Mimowolnie zaśmiałam się na te słowa. Blueberry zawsze była radosną i żartującą z wszystkiego osobą. Ale właśnie w tym momencie wiedziałam że moja siostra nie żartuję. Od kiedy byliśmy małymi dziećmi coś ala ok. 5-7 lat to zawsze mówiliśmy że będziemy mieć właśnie takie śluby.

I z tego co właśnie słyszę i widzę moją starsza siostra chciała, aby tak było.

No, ale czemu by nie?

Przecież nikt nie powiedział że nie można zaskoczyć swojego Mate w taki sposób.

- W takim razie siostrzyczko moja załatwiaj wszystko. Masz czas do pełni.- powiedziałam śmiejąc się w niebo głosy.

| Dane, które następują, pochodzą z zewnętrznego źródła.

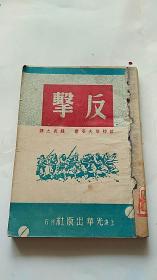 反击  1949年版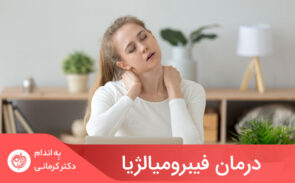 هر چند هنوز درمان قطعی برای فیبرومیالژیا وجود ندارد، اما استفاده از برخی روش‌ها مانند ماساژ، ورزش، طب سوزنی و تغییر برنامه غذایی در کنار توصیه‌های پزشک برای کمک به روند بهبود موثر خواهد بود.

Na wspomnienie  iż do pełni pozostało 10 dni Thomas westchnął zrezygnowany, po czym powiedział.

- To będzie tragednia.

- Co ty gadasz?! Księdza już mamy! Przecież stoi koło Eleny! Damon!- krzyknęła Blueberry, a ja dosłownie wybuchłam śmiechem.

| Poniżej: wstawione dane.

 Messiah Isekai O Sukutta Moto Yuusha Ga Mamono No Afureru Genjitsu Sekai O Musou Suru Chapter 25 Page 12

Na samo wyobrażenie sobie Damon'a w takim wydaniu miałam ochotę płakać i śmiać się z wzruszenia.

Jeszcze nigdy mnie tak nie rozbawili.

Jednak widząc powage która rozśmieszała każdego po prostu zrozumiałam że Damon faktycznie zostanie księdzem.

Starszy Salvatore nic nie odpowiedział,  co według mnie bardzo do niego nie pasowało. No, ale, cóż Damon jest jak kobieta z okresem...

Nie ogarniesz.

No i  w sumie nie tylko Damon, ale również Jace.

Ehh i pomyśleć że to ich krew płynie we mnie.

- Dobra Blue. Masz księdza, oj współczuję Ci Damon bardzo. To teraz suknia. - powiedział Thomas, którego w tym momencie dosłownie miałam ochotę zabić.

No to są chyba kpiny jakieś!

Przecież panna młoda może na swój ślub iść w garniturze jak Pan młody.

Co nie?

Zaraz o czym ja myślę w ogóle?

Ehh ta więź Mate mi szkodzi.

- Joddie może wziąć moją suknie ślubną. - powiedziała Caroline, a ja naprawdę myślałam że komuś przywalę.

Serio oni mi tu wesele planują, a ja nie mam nic do powiedzenia?

~ Przecież sama powiedziałaś że ma załatwić wszystko do pełni. Czyli patrząc na to, to się zgodziłaś. ~  powiedziała moją wilcza ja w głowie .

- Zamknij się już lepiej.- powiedziałam w myślach wilczycy.

Naprawdę jestem najgorszym eksperymentem wujka Jonathan'a.

- Wspaniale czyli suknia oraz ksiądz są! - powiedziała radosna Blue, po chwili jednak dodając.

- No co powiedziałaś że mam czas do pełni

Nie odpowiedziałam jednak na komentarz siostry tylko westchnęłam zrezygnacją. Nie wiem ile zajeło mi słuchanie tego co odwala Blue, ale na pewno zasnęłam około północy...

Przepraszam że taki nudny i krótki rozdział. Obiecuję poprawę.